5. Plan ahead, but be flexible. Some travelers are planners, like myself, and have every detail of the trip covered. I have the most organized packing lists and travel itineraries. Yet something is always forgotten, or the best plans go haywire. Teach your children flexibility, keep your sense of humor, and roll with the punches to fill each trip with positive memories. Some of our crazier moments include driving over a shop vac in the highway at 75 m.p.h., weather related flight cancellations, and having a child step in a fire ant hill on the side of the road while taking a picture of the “Welcome to Louisiana” sign. How we handled those moments kept us laughing together and defined us as a family. When you go into a trip knowing it won’t be perfect, there will be tired kids (and grown-ups), and weather or travel arrangements don’t always go according to “the plan”, you are prepared for whatever comes your way.
I will end with one of my favorite stories from a trip to Mt. Rushmore.
As we were making the long drive west, we had a scheduled stop at the Corn Palace in Mitchell, South Dakota.

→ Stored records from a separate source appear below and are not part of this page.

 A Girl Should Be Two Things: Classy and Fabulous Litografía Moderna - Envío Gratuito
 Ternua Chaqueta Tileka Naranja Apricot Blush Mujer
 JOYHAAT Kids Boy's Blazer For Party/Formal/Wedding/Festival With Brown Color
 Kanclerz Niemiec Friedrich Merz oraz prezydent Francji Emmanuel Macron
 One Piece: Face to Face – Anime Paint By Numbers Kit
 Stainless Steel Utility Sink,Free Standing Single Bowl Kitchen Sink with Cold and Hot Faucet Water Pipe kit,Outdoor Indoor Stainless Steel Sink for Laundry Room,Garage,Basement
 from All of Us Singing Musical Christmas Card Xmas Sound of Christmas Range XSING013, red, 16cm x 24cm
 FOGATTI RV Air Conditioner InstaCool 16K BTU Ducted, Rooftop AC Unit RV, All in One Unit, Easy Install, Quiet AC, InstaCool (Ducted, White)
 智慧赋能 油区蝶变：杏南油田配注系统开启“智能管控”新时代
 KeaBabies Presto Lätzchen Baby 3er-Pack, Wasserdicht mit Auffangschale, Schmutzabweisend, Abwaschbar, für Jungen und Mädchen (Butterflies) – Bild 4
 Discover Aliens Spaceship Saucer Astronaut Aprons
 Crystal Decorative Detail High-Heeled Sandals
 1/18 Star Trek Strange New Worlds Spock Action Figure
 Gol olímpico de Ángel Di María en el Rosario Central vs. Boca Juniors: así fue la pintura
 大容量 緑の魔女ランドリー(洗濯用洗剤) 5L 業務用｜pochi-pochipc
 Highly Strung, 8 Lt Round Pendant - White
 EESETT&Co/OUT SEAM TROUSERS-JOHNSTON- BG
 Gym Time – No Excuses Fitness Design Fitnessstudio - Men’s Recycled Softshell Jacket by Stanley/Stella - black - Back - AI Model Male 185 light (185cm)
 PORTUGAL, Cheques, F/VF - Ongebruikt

Across the street was a doll museum (not on our itinerary). We decided to check out the doll museum, and in it, my husband spotted his long lost Jolly Green Giant stuffed toy. He described his love for this toy, and how it went missing many years earlier on one of his family vacations. The girls were both amazed and humored at hearing this grown man’s story about a lost stuffed toy. On the return trip, we had another scheduled overnight stop in Blue Earth, Minnesota. When we pulled into our hotel parking lot, my husband quietly pointed out to me, through the glass of the swimming pool enclosure, a GIANT, 20-foot statue of the jolly green giant. I secretly showed the kids, through the windows, that the Green Giant was waiting for us! The kids and I blindfolded my husband, who at this point was playing dumb, and I drove him to the statue. The kids ripped off the blindfold, and my husband shrieked with delight while the kids giggled with laughter and excitement. That unplanned surprise was one of our best moments as a family.